Pellenc ST claims that its new instalment of Xpert technology combines a dual-energy transmission X-ray with machine learning, a form of artificial intelligence said to learn and remember data to improve the efficiency of metal and e-scrap waste sorting processes.

Functioning with a detector and a 100-Watt X-ray generator, the machine can run a conveyor from 2 m/s to 4.5 m/s depending on its application. Its new software can apparently target multiple materials and densities in a single sorting step, enabling high-capacity sorting without sacrificing performance.

This enhanced sorting process is said to recognise the shape, density, and thickness of the materials that pass through it. In doing so, it can improve recovery rates in metal sorting by removing plastics containing flame retardants and other charges, as well as recovering high-added-value materials such as PCBs.

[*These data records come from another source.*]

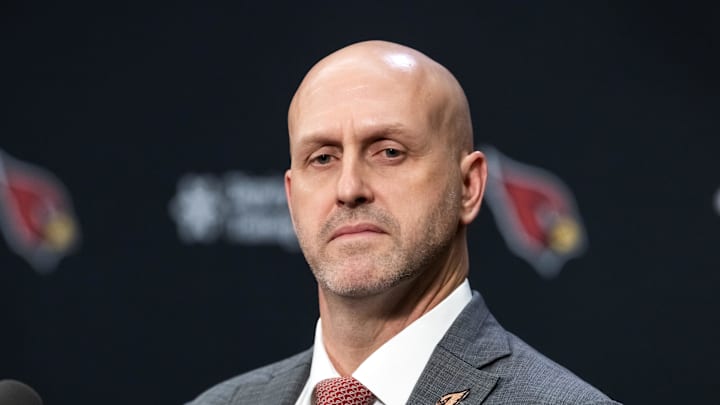 Feb 3, 2026; Tempe, AZ, USA; Arizona Cardinals general manager Monti Ossenfort at a press conference at the Cardinals training facility. Mandatory Credit: Mark J. Rebilas-Imagn Images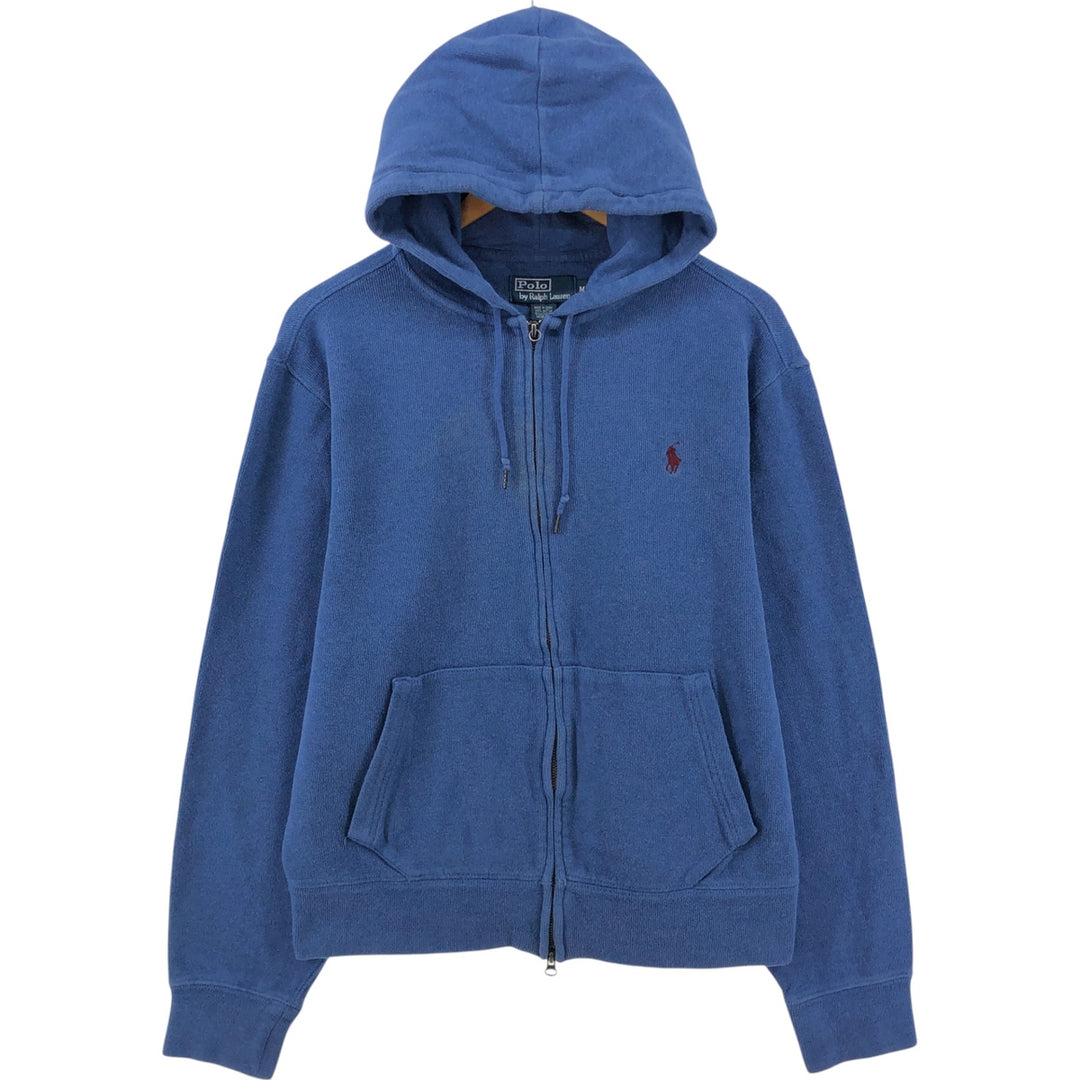 Ralph Lauren Sweat Full Zip Hoodie, Men's M cotton blue type Vintage Second Hand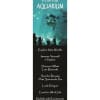 Tall bookmark with aquarium advice text and underwater scene with turtle, fish, and viewer silhouettes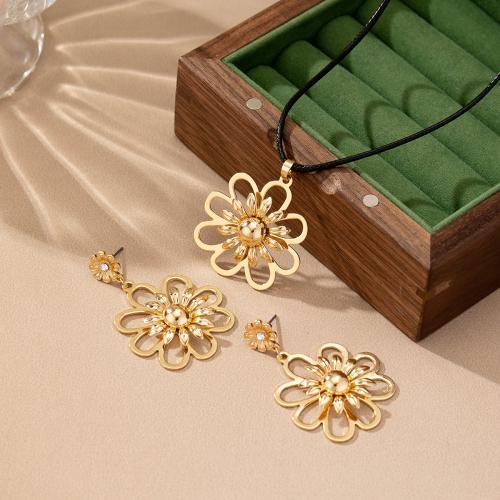 Tibetan Style Jewelry Sets, Stud Earring & necklace, with Wax Cord, petals, plated, micro pave cubic zirconia & for woman, gold, Sold By Set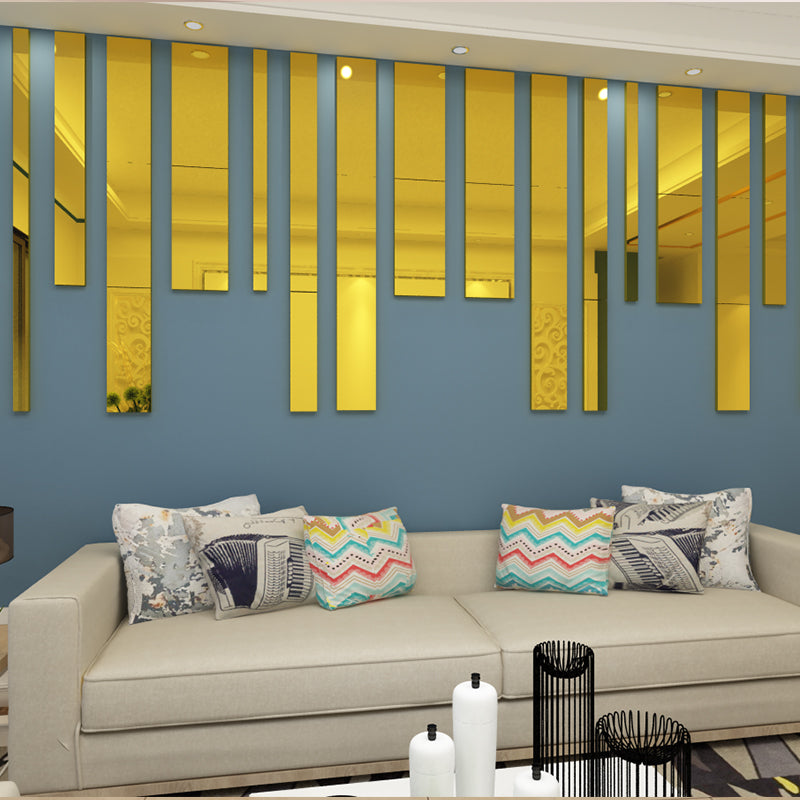 Simple Mirrored Lines Acrylic Wall Decals Sticky-Back Removable Wall Stickers For Creative Artistic DIY Home Art Loft Apartment Wall Decor 10pcs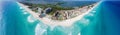 Cancun beach and hotel zone aerial view, Quintana Roo, Mexico Royalty Free Stock Photo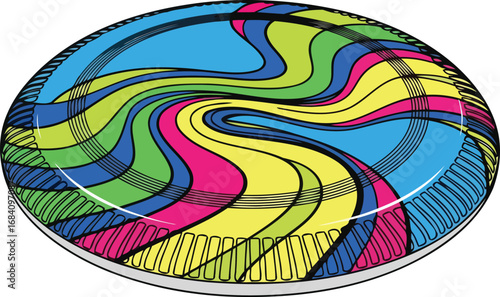 colorful swirl flying disc psychedelic summer fun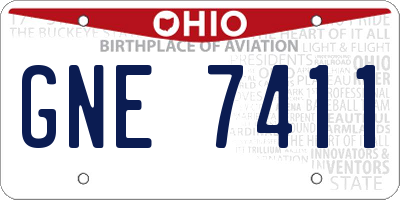 OH license plate GNE7411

According to Pellenc ST, the Xpert is ‘utilised to process Zorba and for sorting different aluminium alloys in order to produce a Twitch product’, which can then be sent to a furnace. It can also sort leaded glass, it is claimed.

PellencST’s turnkey service solution is available with wear parts and the Smart&Share application, which is said to analyse the operation of individual sorters and provide alerts and reports aimed at improving availability and sorting quality. The machinery is equipped with the Central Nervous System (CNS) software platform, allowing for future upgrades as new technologies and sensors arise.

The new technology is expected to improve safety, reduce the workload of operators, and lower maintenance costs.

Earlier this year, the Perfect Sorting Consortium was formed to develop and test an artificial intelligence decision model to improve the recycling of packaging over the next two years.

CEFLEX also ran a testing programme to test the sorting of multi-layer flexible packaging using NIR technology. It was anticipated that the results would be shared with stakeholders last month.